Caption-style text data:
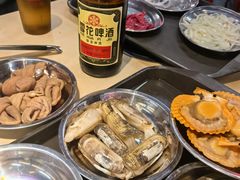-瑞虹新天地月亮湾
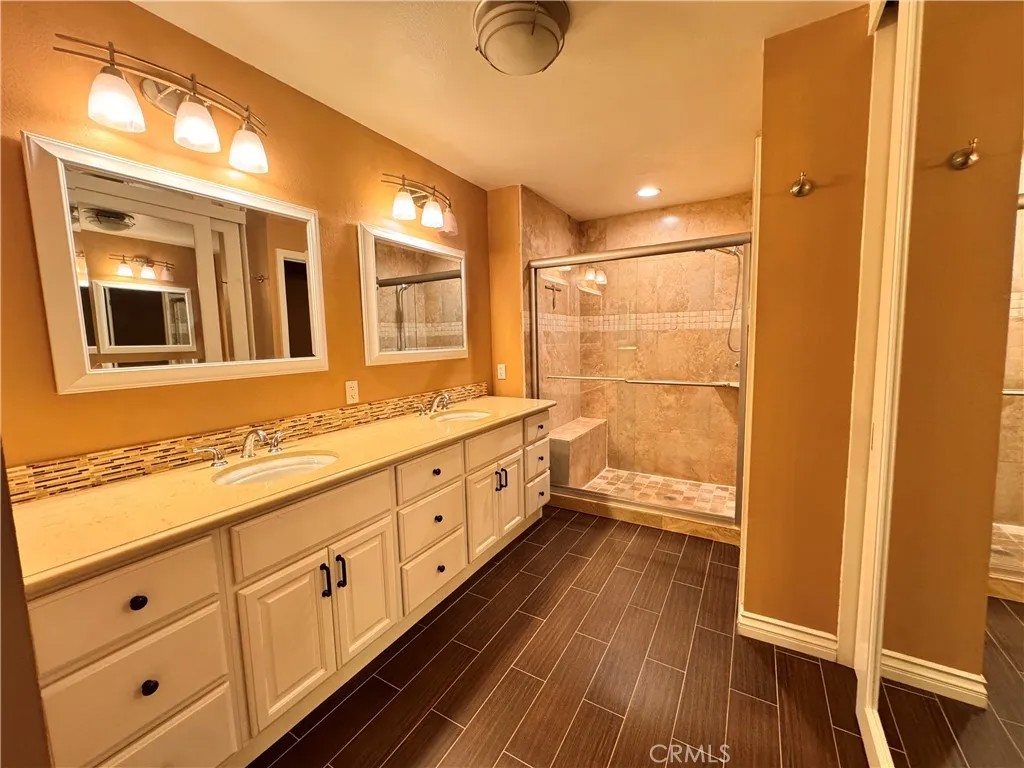 3605 Falconridge
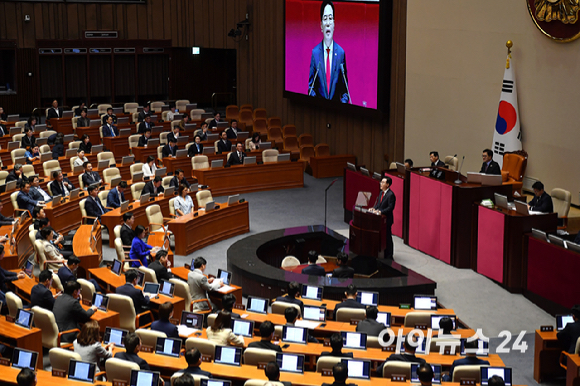 송언석 국민의힘 원내대표가 10일 서울 여의도 국회 본회의에서 교섭단체 대표 연설을 하고 있다. [사진=곽영래 기자]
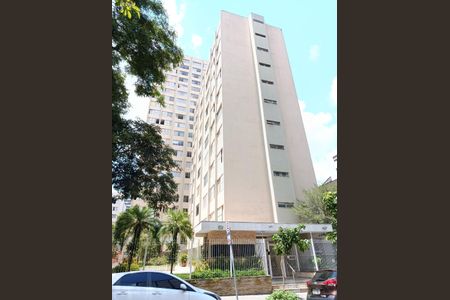 Apartamento para alugar com 94m², 2 quartos e 1 vaga Apartamento para alugar com 94m², 2 quartos e 1 vagaFachada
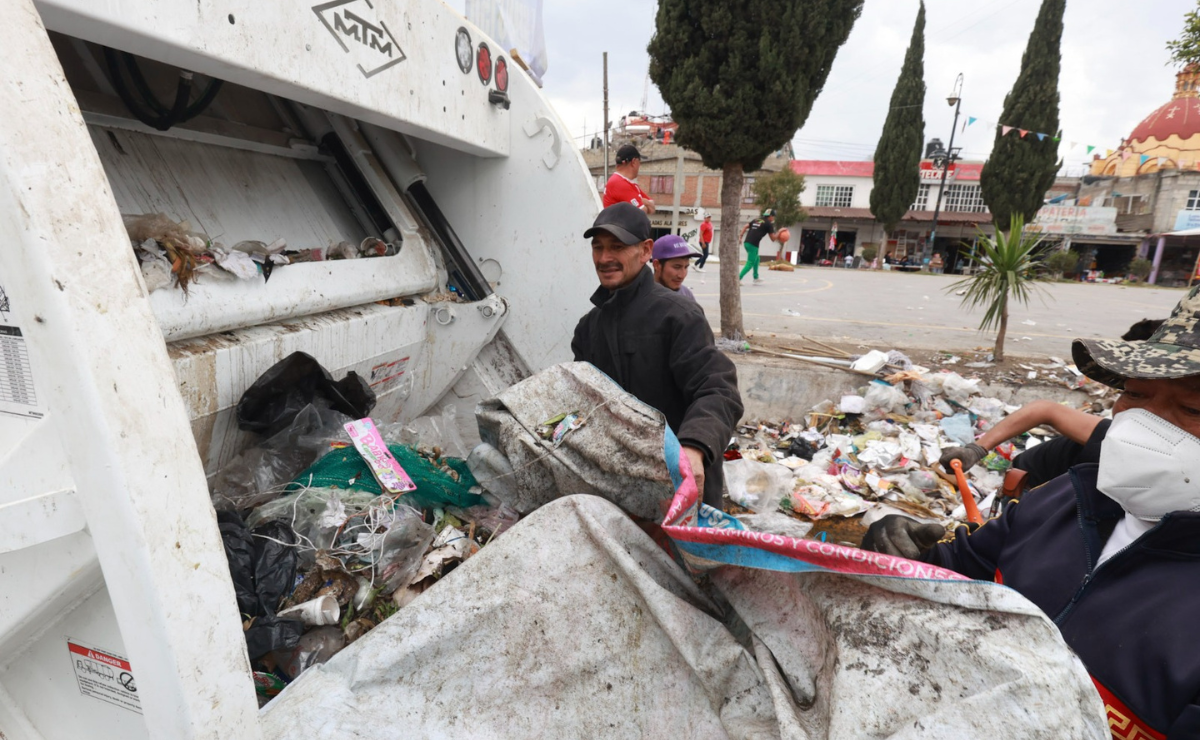 ¡La basura nos inunda! El gobierno del Edomex ha retirado casi 1,800 toneladas, pero necesitamos tu ayuda. No tires desechos en la calle, es la clave para evitar anegaciones. Foto: Alejandro Vargas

__Action item__: Output, exactly and without pictures, the lines above that run from the one containing "Apartamento para alugar com 94m², 2 quartos e 1 vaga Apartamento" through the last line of the entries, inclusive.

__Response__:
 Apartamento para alugar com 94m², 2 quartos e 1 vaga Apartamento para alugar com 94m², 2 quartos e 1 vagaFachada
 ¡La basura nos inunda! El gobierno del Edomex ha retirado casi 1,800 toneladas, pero necesitamos tu ayuda. No tires desechos en la calle, es la clave para evitar anegaciones. Foto: Alejandro Vargas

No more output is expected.